On peut voir deux raisons différentes à cette colère : l’une internationale, l’autre intérieure. La première est que Erdogan considère que la Turquie est devenue un acteur majeur, une puissance régionale qui doit désormais être respectée comme telle. Finies les leçons de morale paternalistes des Occidentaux sur les droits de l’homme, c’est ce que signifie ce coup d’éclat. « Ils vont apprendre à connaître la Turquie », a déclaré Erdogan à la foule, pour justifier sa décision.
Le problème est qu’il rebondit sur un mauvais sujet : le cas d’Osman Kavala est emblématique d’une machine répressive devenue folle depuis le coup d’état manqué de 2016. Cet homme d’affaires philanthrope est accusé de subversion, ce que même une justice aux ordres n’arrive pas à prouver.

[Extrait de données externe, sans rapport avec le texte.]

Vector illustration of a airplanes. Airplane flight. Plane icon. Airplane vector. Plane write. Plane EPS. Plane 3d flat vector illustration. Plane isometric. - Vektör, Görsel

Plus embarrassant, la Cour européenne des droits de l’homme, issue du Conseil de l’Europe dont fait partie la Turquie, a demandé en décembre 2019 la « libération immédiate » d’Osman Kavala. Début octobre, une nouvelle audience d’un tribunal turc a refusé de le remettre en liberté, suscitant la démarche des ambassadeurs.

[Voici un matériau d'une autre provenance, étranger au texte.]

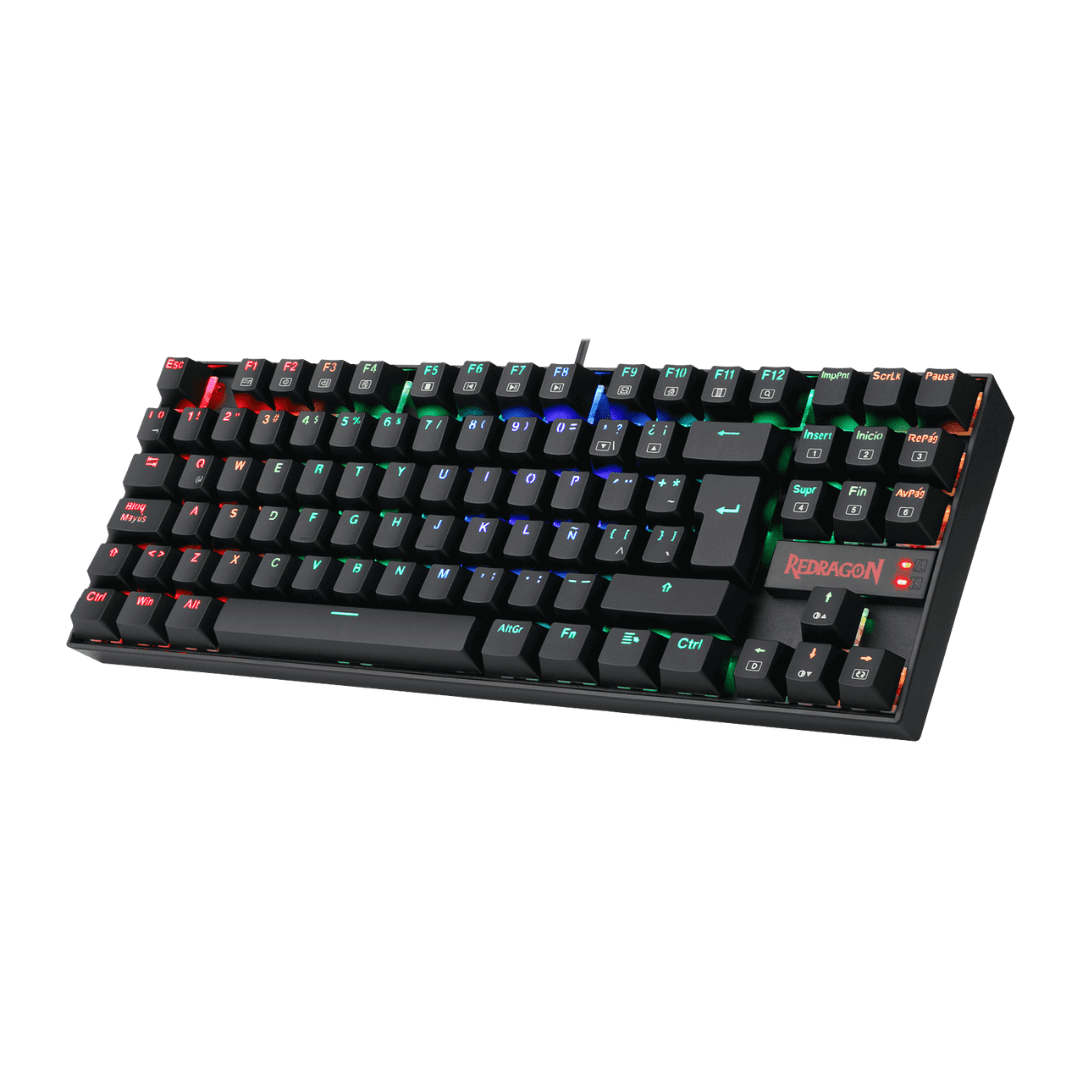 Teclado Redragon Kumara K552RGB-1-SP Mecanico Outemu Blue Negro RGB - Imagen 2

Sur le plan intérieur, le Président turc doit faire face à une situation économique inquiétante : la Lire turque est en chute libre en raison de la politique monétaire erratique du pays ; l’inflation est repartie à la hausse, et la population s’inquiète de son pouvoir d’achat. Quoi de mieux qu’un bouc émissaire étranger pour l’accuser de comploter contre la Turquie ?
C’est un jeu classique de la part d’un homme politique inquiet. Recep Tayyip Erdogan a perdu les mairies d’Istanbul et d’Ankara au profit de l’opposition, et il sait que les prochaines élections générales, en 2023, seront âprement disputées. Il joue sur la corde nationaliste, au risque de se tirer une balle dans le pied en provoquant une crise parfaitement inutile avec des pays qui sont, au passage, les principaux partenaires économiques de la Turquie.
Mais Erdogan incarne à merveille ce courant qui aspire à un monde post-occidental, et il mène depuis plusieurs années un jeu d’équilibriste, un pied dans l’OTAN, un autre à Moscou, un troisième à Kaboul ou Tripoli… Il faut être très souple, et très habile.